Sunday 30 April 2006

New Moon


It was amazing last night that I was able to see the moon, all day long it had rained and been cold, then early evening, it just cleared up and the sun came out in order to give us a truly magnificent sunset. I was pretty glad, I had put my quite healthy looking tomato plants outside and they immediately started looking a little peaky.

The eagles are overdue with their egg hatching now, the world waits with bated breath. Personally I think they're waiting until my friend Canadian Karen leaves for England, which she does this evening, so then the little eaglets can relax and come out, safe in the knowledge that she won't be after adopting them.

During the new moon monsoon yesterday afternoon, Kevin and I went out looking for a receiver for our television setup. I abandoned him and made for the shop's pretend living room where you could sit in a comfie swivel chair and watch 'Revenge of the Sith' on a high definition plasma screen TV. Hayden Christensen's acting wasn't any better in hi-def, and people didn't get any wiser. For example, why, when you live really high up in the air in a city where passing Jedi are likely to come into your front room and fight with light sabres, don't you have windows made of something more than regular glass? Likewise, haven't these people ever heard of the saying, 'Don't put all your younglings into one basket'? Then they look surprised when a passing Sith lord comes and kills them all.

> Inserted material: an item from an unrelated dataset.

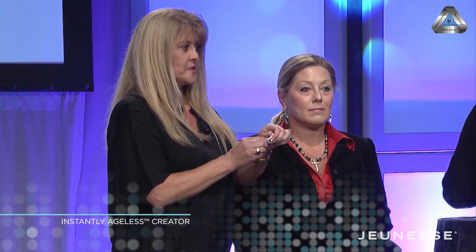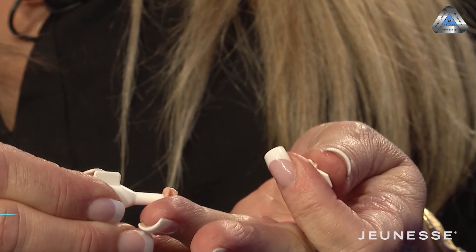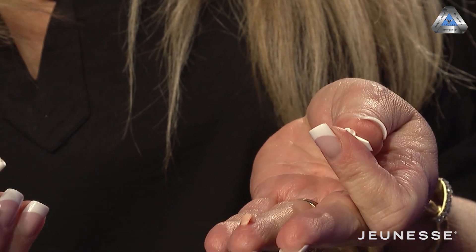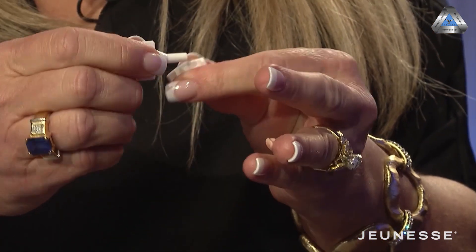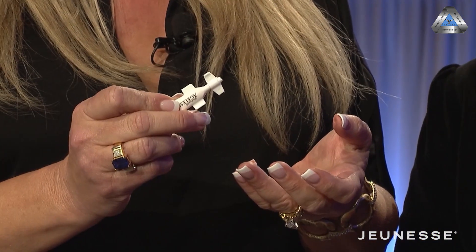What you want to do is twist off the top. You want to squirt out a very small amount. Flip the lid over and reseal it so you can use this file two or three more times. What you want to do is tap a very, very thin layer.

And if you are some kind of psychotic lizard with not very much protection for your internal organs, why would you only half enclose said organs so that any old Jedi can come along, open your metal ribs a bit further and then send a quick phaser shot in to finish you off? Doesn't matter how many light sabres you can hold at a time, that's gotta hurt pal.

Why, I wonder, does John Prescott feel bad that the country knows he had an affair. No-one cares, it's between you and Mrs. P if there is one John. The whole point is that unlike when we had a Tory government, the Labour Party hasn't spent twelve years droning on about 'family values' and then being continually caught with its trousers down. So you had sex in your office and various other places. Duh, having sex is what people do when they have an affair, like I said, twixt you and the missus, not the country.

Jenny Colgan, in the Guardian this week, is sourly amused by the idea that FHM magazine had voted Keira Knightley as the 'sexiest woman in the world'. In fact, I was made aware of this earlier by the sound of a huge guffaw from Kevin who was equally unenthused at this choice. Colgan describes Knightley as "Beautiful of face, Keira Knightley has the body of a hungry nine-year-old boy." Kevin was even less complimentary, his comment was,
'Keira Knightley and sexy, you can't say the two in the same sentence.'
I must say, it is an odd choice, Knightley is pretty and looked promising in 'Bend it like Beckham', but her ability to deliver lines seems to have gone downhill, mirrored by an irritation factor in her need to be überenglish in every interview. Maybe her figure will develop when her acting skills do.

While the new moon raised one eyebrow at us, we watched the elusive Deepa Mehta film 'Earth'. The DVD shop got it in after my enquiry a couple of weeks ago. This is a snapshot of India at the time of its partition from Pakistan as the British left. I find the whole history of Britain's involvement with India interesting. Many modern sci-fi storylines predict a world governed more by mega-corporations than States and yet this is the India of the 17th Century. The East India tea company had its own armies and its officials were like rulers, in fact they were sought out as allies by warring Indian princes. But 250 years later, when India, now a unified country felt it wanted to rule itself, just as the British were welcomed in, they were asked to leave, and financially exhausted from the second world war, there was no option but to do so.

Mehta shows us in this film, the uncertainties and conflicts. We see families who do not want the British to leave, we see factions who do. Many Muslims had been campaigning for a separate muslim state since the end of the first world war. We see the strength of that separatism, but we also see the strength of long standing friendships between Muslims, Sikhs and Hindus who had seen diversity rather than division. The action takes place in Lahore, a city that was ultimately to be part of Pakistan. A debate around a dinner table focuses on whether Lahore will become Pakistani since the majority of its citizens are Muslim, or whether it will go to Hindustan (India) because the money in the City is mostly in the hands of Hindus.
The savagery perpetrated by the Hindus and Sikhs and the Muslims on each other is just horrific. One of the characters wonders whether they have learned anything in the 250 years of British stewardship. Another retaliates with the notion that before the British came, there was no syphillis.

I have found all three of Deepa Mehta's films extraordinarily thought-provoking. In 'Earth' we are shown how when dealing with matters that should be deeply spiritual, humans are so completely earthbound.

We needed so much expertise, time, money and energy to put humans on the moon, but the moon, well it just sits up there in the sky and pulls the tides. Who knows what other earthly things it meddles in.